Canadian cricketer Junaid Siddiqui (left) is shown at a Canada training session in Grand Prairie, Texas on May 29, 2024. THE CANADIAN PRESS/HO-Cricket Canada **MANDATORY CREDIT**
Original Publication Date June 06, 2024 - 8:01 AM

At 39, Junaid Siddiqui waited a long time to make it to the ICC Men's T20 World Cup. And he's savouring every minute of the experience.

"The dream was always World Cup," Siddiqui said. "I'm happy, privileged that I'm getting that opportunity … Going to this World Cup is really special for us, and for me."

Siddiqui and the 23rd-ranked Canadian men look to bounce back from Saturday's seven-wicket loss to the United States in Texas in their tournament debut when they take on No. 11 Ireland on Friday at the Nassau County International Cricket Stadium in suburban New York.

Ireland was soundly beaten by No. 1 India in its opening game Wednesday.

The Irish were dismissed for 96 in 16 overs with only four batsmen reaching double figures. India needed just 12.2 overs to reach its victory target with eight wickets remaining.

Canada is also looking to put a painful loss behind it. After putting up 194 runs at the expense of five wickets, the Canadians could not corral the American bats with Aaron Jones doing most of the damage with a hard-hitting innings of 94 not out.

On the plus side, Canada beat Ireland by 10 runs in the 2019 ICC Men's T20 World Cup Qualifier in the United Arab Emirates with opener Navneet Dhaliwal leading the way with a 69-run knock. The Irish finished third at that tournament, qualifying for the 2021 World Cup, while Canada was a spectator after placing ninth.

"We were able to surprise them that time," said Canadian vice-captain Navneet Dhaliwal. "And we are hoping we can do it again, especially with a few more players who are kind of senior players, like especially like Kaleem Sana, Aaron Johnson, so it's kind of added value to the team."

Nitish Kumar, who scored 53 runs for Canada in that 2019 game, has since switched his international allegiance to the U.S. and is part of the American team at the tournament.

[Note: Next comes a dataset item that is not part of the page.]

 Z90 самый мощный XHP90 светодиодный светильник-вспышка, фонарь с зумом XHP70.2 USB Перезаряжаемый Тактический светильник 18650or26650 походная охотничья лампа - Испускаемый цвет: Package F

Kumar was eligible to play for the U.S. after satisfying residency requirements following a move south of the border to play club cricket.

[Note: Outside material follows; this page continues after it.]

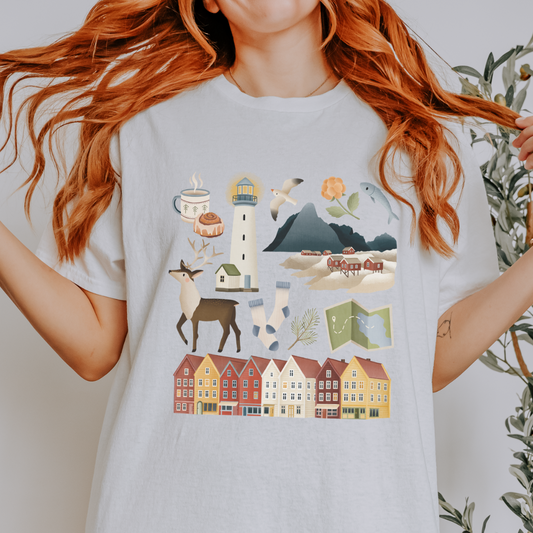 Tshirt Norwegen Reise Skandinavien - BIOBAUMWOLLE Lofoten Häuser Shirt - Norwegen Souvenir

Siddiqui, who made his debut for Canada in 2011, says the cricket landscape back home has changed for the good, with the GT20 tournament playing a big role.

"You can see how the game is growing the last three or four years."

Siddiqui, a specialist leg-spinner who can also handle the bat, last played a T20 game for Canada in 2022 and was recalled to the squad before the World Cup.

"I was hoping that I would be able to play. It was always in the back of my head," he said. "But I kept working hard, kept playing. Wherever I played, I performed. And I think that was the biggest thing for me. (I was) able to go out anywhere and able to perform. Keep going. And then leave everything in God's hand."

"I was always positive about things," he added.

The call eventually came eight weeks in advance of the tournament.

"That was one of the best days of my life," said Siddiqui.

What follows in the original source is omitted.